START LISTED ENTRIES

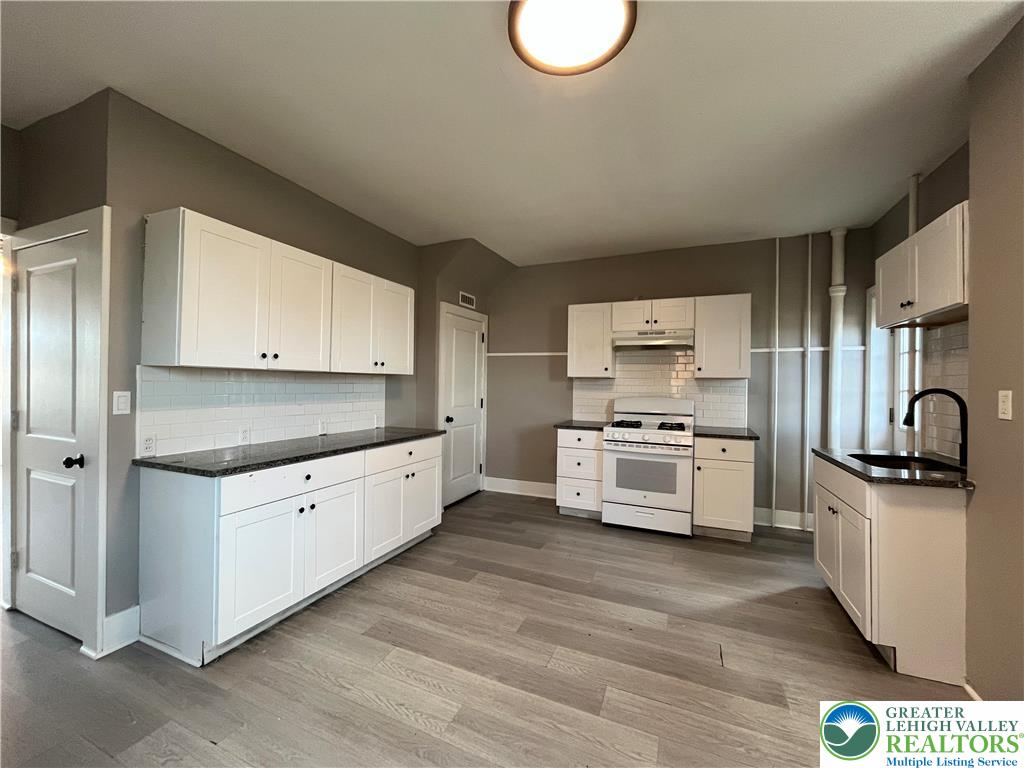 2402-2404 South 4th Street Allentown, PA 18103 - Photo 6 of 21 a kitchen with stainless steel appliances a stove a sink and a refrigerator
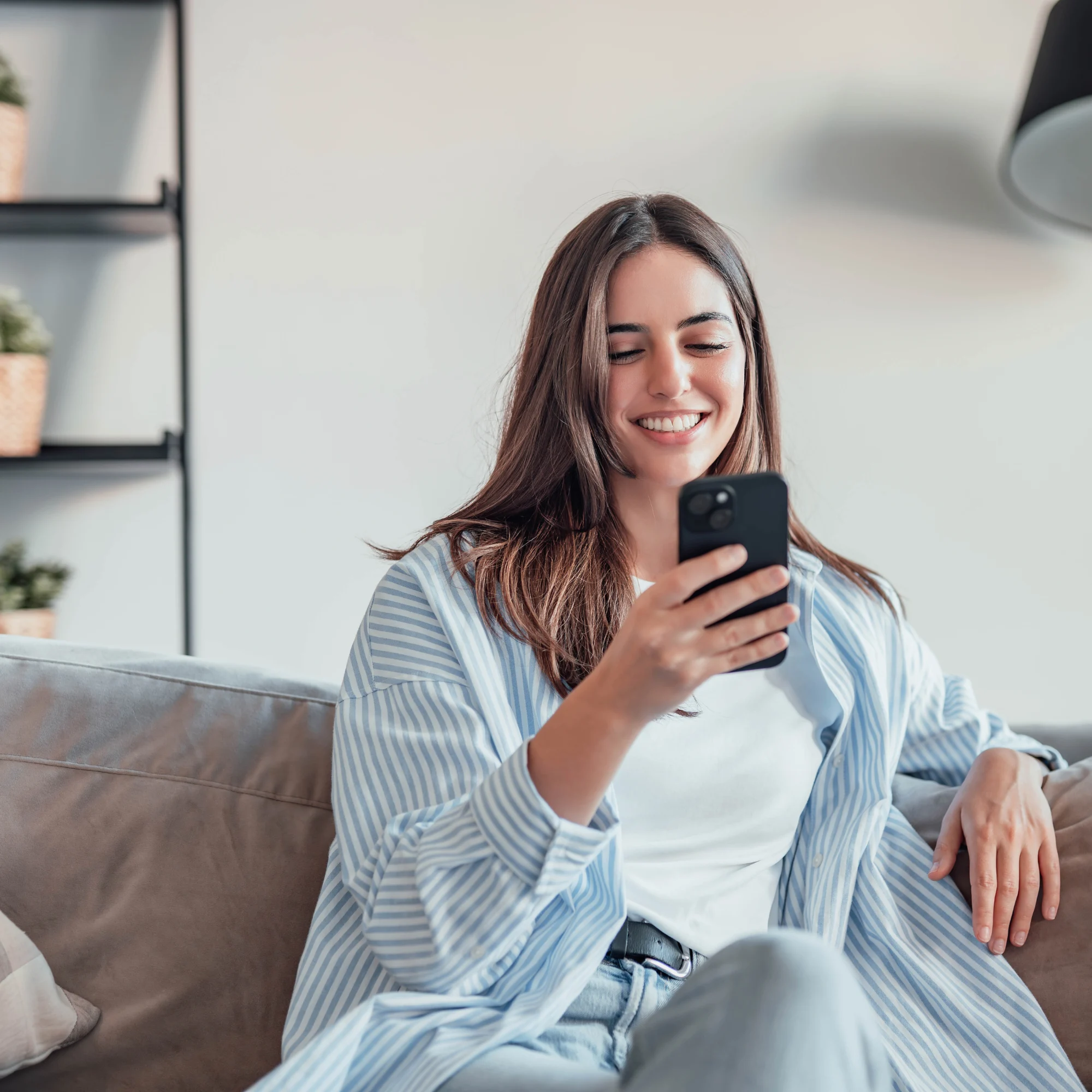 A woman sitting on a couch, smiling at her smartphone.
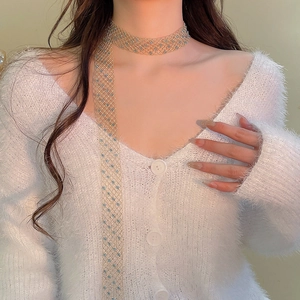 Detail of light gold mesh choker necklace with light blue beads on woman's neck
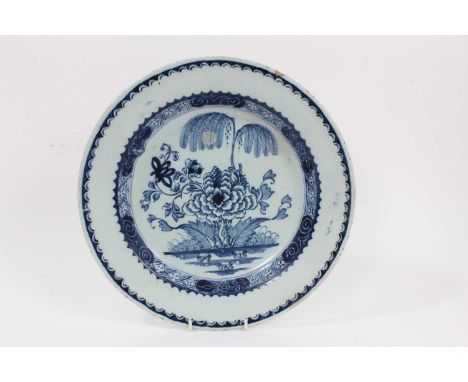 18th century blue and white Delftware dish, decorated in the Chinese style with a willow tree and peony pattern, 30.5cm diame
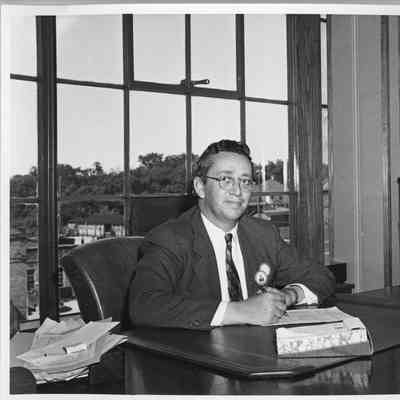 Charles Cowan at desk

END LISTED ENTRIES

Would you restate the listing word for word and leave every picture out?

**RESULT FOR THIS EXERCISE:**
 2402-2404 South 4th Street Allentown, PA 18103 - Photo 6 of 21 a kitchen with stainless steel appliances a stove a sink and a refrigerator
 A woman sitting on a couch, smiling at her smartphone.
 Detail of light gold mesh choker necklace with light blue beads on woman's neck
 18th century blue and white Delftware dish, decorated in the Chinese style with a willow tree and peony pattern, 30.5cm diame
 Charles Cowan at desk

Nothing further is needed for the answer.